Vor einem Dreivierteljahr, zu meinem Geburtstag, habe ich in einem der schönen Pakete ein Kochbuch ausgepackt, das mein Vater quer durch Europa für mich gejagt hat. Schon vor Jahren hatte ich „Cooking with Poo“ von Saiyuud Diwong entdeckt. Sie heißt nur „Poo“ mit Spitznamen, niemand kocht darin mit Kacke. Vielmehr ist es ein Thai-Kochbuch, von dem ich Tolles gelesen hatte, das Preise gewonnen und so mein Interesse geweckt hatte. Ich wollte es seinerzeit am liebsten direkt kaufen, doch war es im Buchhandel vergriffen und keine neue Auflage in Sicht. Ich selbst buddelte im Zentralverzeichnis antiquarischer Bücher und fand es dort nur reichlich überteuert. Auch beim großen A fand ich es zwar, aber nur gebraucht zu unverschämt hohen Preisen. So nahm ich selbst deutlichen Abstand davon, packte es aber auf meinen Wunschzettel dort, zur Selbst-Erinnerung, falls es irgendwann mal wieder zu zivilen Kursen zu ergattern sein sollte. Ich selbst hatte es dort in der Zwischenzeit schon fast wieder vergessen, doch mein lieber 80-jähriger Vater erspähte es darauf, und in seiner wohlwollenden Verrücktheit und Großzügigkeit machte er es sich zur Aufgabe, es für mich zu besorgen. Er hat es am Ende für rund 60 Euro in den Niederlanden erstanden, immer noch ein bizarr hoher Preis – zumal für ein Kochbuch, das klein im Format und mit gut 100 Seiten auch noch dünn ist. Ich war fast verlegen, als ich das Buch geschenkt bekam, gerade weil in seinem Handeln so viel Großzügigkeit und Liebe stecken.
Am Wochenende ist mir das Buch in die Finger gekommen, und ich habe mir einen Ruck gegeben und mich endlich dran gemacht, ihm und dem Buch die Ehre zu erweisen. Herausgepickt habe ich mir das „Massaman Curry“ oder „Gaeng Massaman“. Mehrfach hatten die Teilnehmer an Umfragen des US-Nachrichtensenders CNN nach dem leckersten Gericht der Welt genau dies Curry an die Spitze gewählt.
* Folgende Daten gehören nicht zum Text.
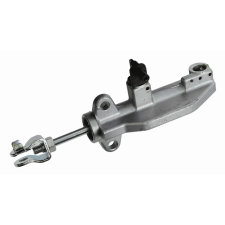 Sachs adóhenger, kuplung SACHS 6284 654 061 autóalkatrész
Grund genug, mich daran zu versuchen. Mit mehr Liebe habe ich selten gekocht – und ich fand das Curry unglaublich köstlich.

Würzgrundlage ist eine Curry-Paste, die in ihrer bräunlichen Fusseligkeit ein wenig aussieht, als habe man das verleimte Innere aus Sperrholzbrettern gekratzt, geschmacklich aber in keiner Weise an Holzleim erinnert, sondern verführerisch duftet. Dafür tanzen zunächst Koriander- und Pfefferkörner, Fenchelsamen, Zimt und Kardamom miteinander in einer heißen Pfanne, bis sich ihre Poren weiten – gemeinsam mit kleingehacktem Zitronengras, Nelken, Zwiebelwürfelchen sowie hauchfeinen Schnitzen von Galgant (der etwas edlere, weniger bissige Bruder von Ingwer). Danach werden sie in einem Mörser mit getrockneten Chilis und Knoblauch zu einer Paste zerdrückt, wobei sich die Aromen umso deutlicher duftend und schmeckbar freisetzen (für Faule oder Mörserlose: eine Gewürzmühle oder das Schnitzelwerk einer Küchenmaschine erledigen das auch, wobei man dann aufpassen muss, dass man nicht zulange die Messer sirren lässt: wenn die Zellen von Zwiebeln und Knoblauch zu wüst zerfetzt werden, kann es ziemlich bitter werden). Das Ganze würzt dann in heißem Öl duftend gerührt Fleischwürfelchen und Kartoffelspalten, die in Kokosmilch und Tamarindenwasser, in die geröstete Erdnüsse gepurzelt sind, schonend gar geköchelt werden.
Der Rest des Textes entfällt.